+++ AVAILABLE RECORDS +++
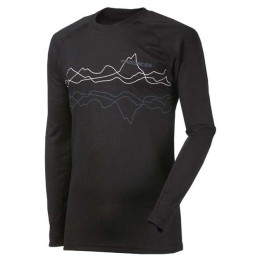 Tricou bărbați Progress Triko NDR PRINT 1DP dl.r. negru Black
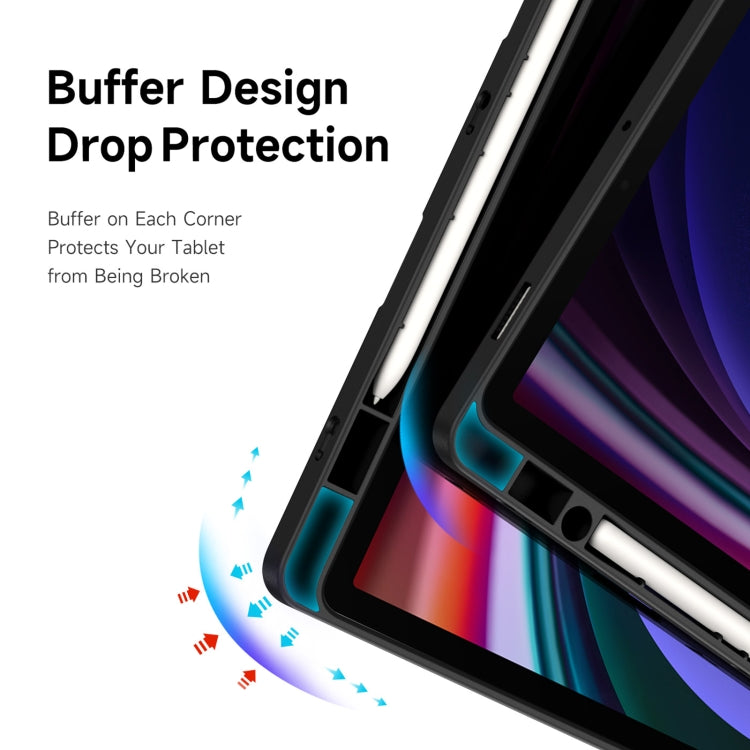 For Samsung Galaxy Tab S10 Lite / S10 FE DUX DUCIS Magi Series Smart Leather Tablet Case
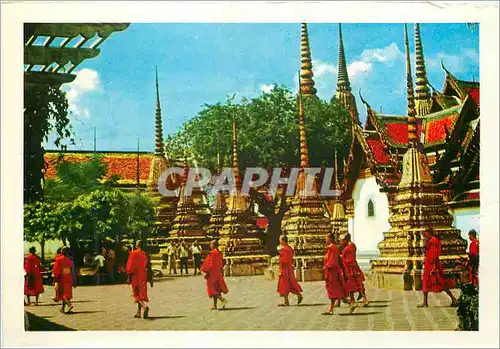 Cartes postales moderne Scene of Wat Po Bangkok Thailand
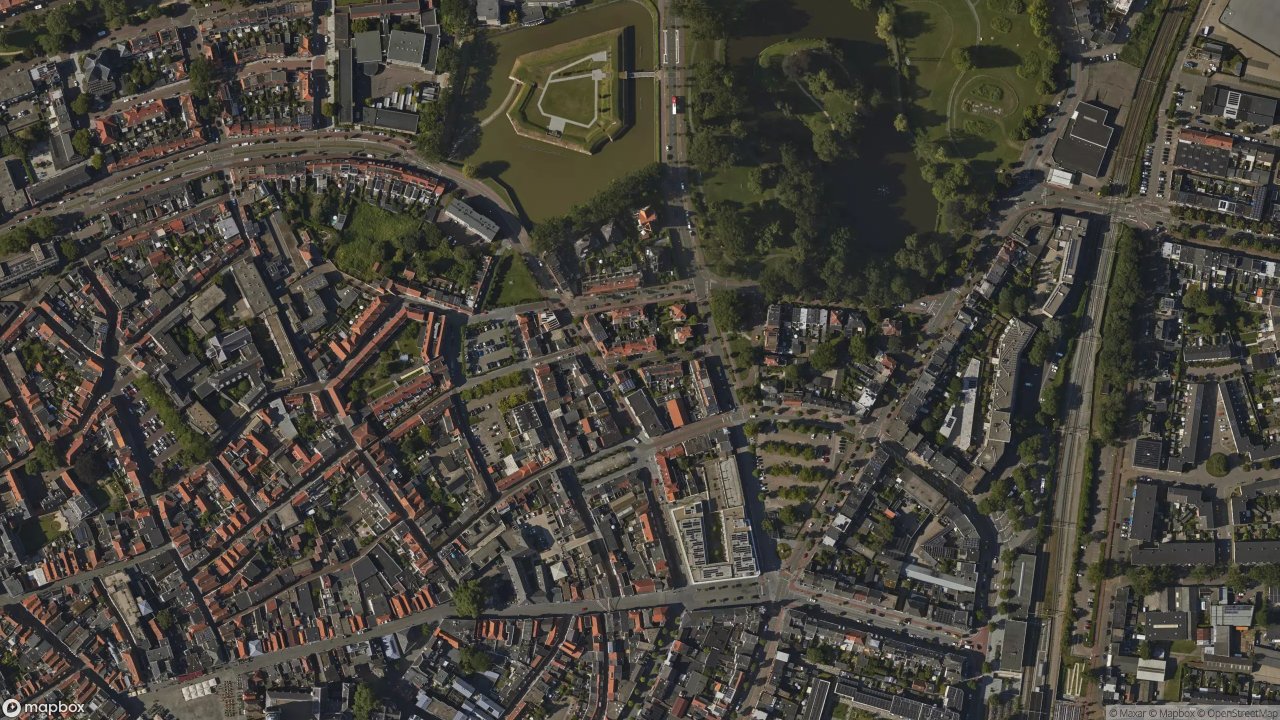 Satellietfoto 4611CS Bergen op Zoom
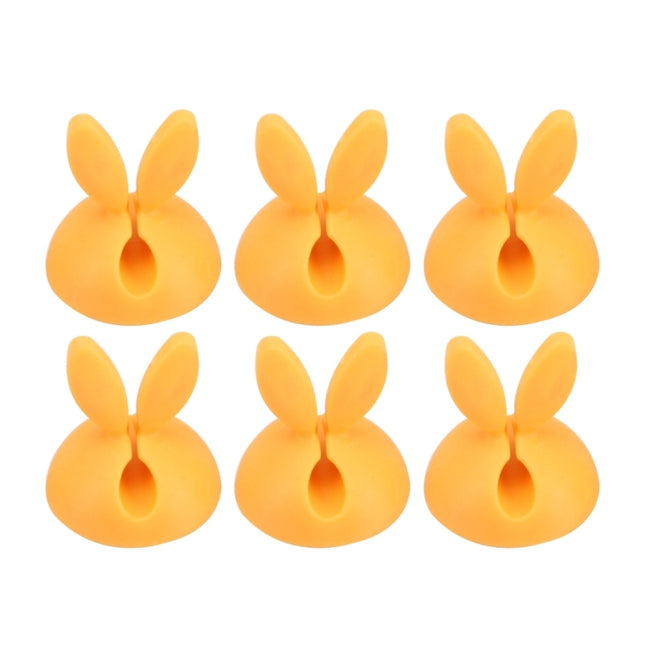 6 PCS CC-941 Rabbit Shape Single Hole Cable Clips Holder, Cable Management System and Cord Organizer Solution, 6 PCS C Rabbit Shape(Yellow), 6 PCS C Rabbit Shape(Pink), 6 PCS C Rabbit Shape(Green)
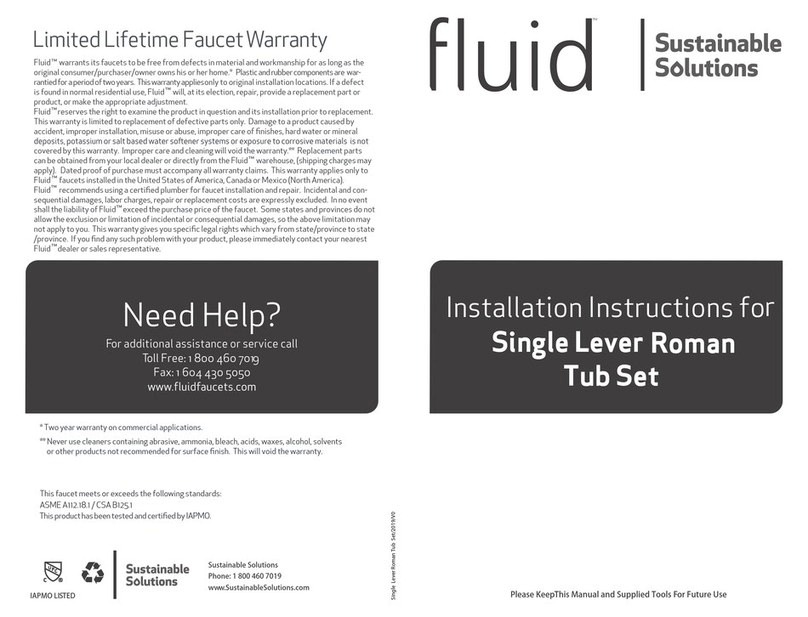 Sustainable Solutions Fluid F2002B installation instructions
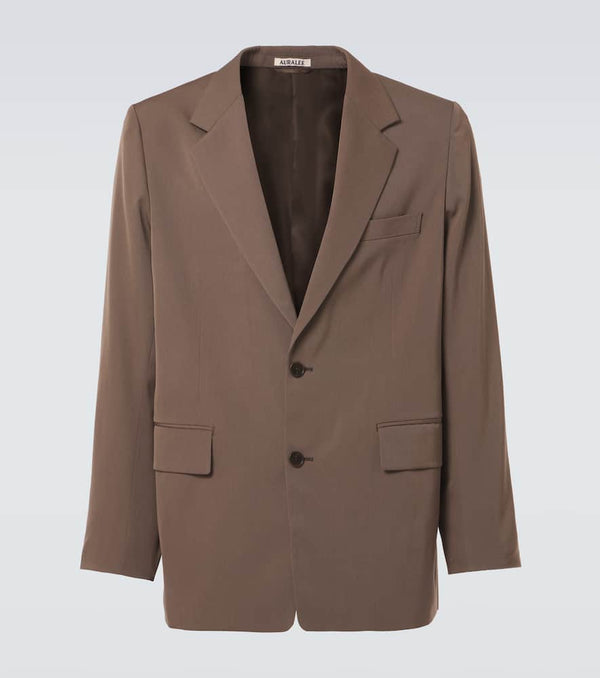 Auralee Wool gabardine blazer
+++
### ACTION ITEM
Every line from the start of the material through the line holding "Satellietfoto 4611CS Bergen op Zoom" must be returned exactly, and the pictures must not.

### ANSWER SECTION
 Tricou bărbați Progress Triko NDR PRINT 1DP dl.r. negru Black
 For Samsung Galaxy Tab S10 Lite / S10 FE DUX DUCIS Magi Series Smart Leather Tablet Case
 Cartes postales moderne Scene of Wat Po Bangkok Thailand
 Satellietfoto 4611CS Bergen op Zoom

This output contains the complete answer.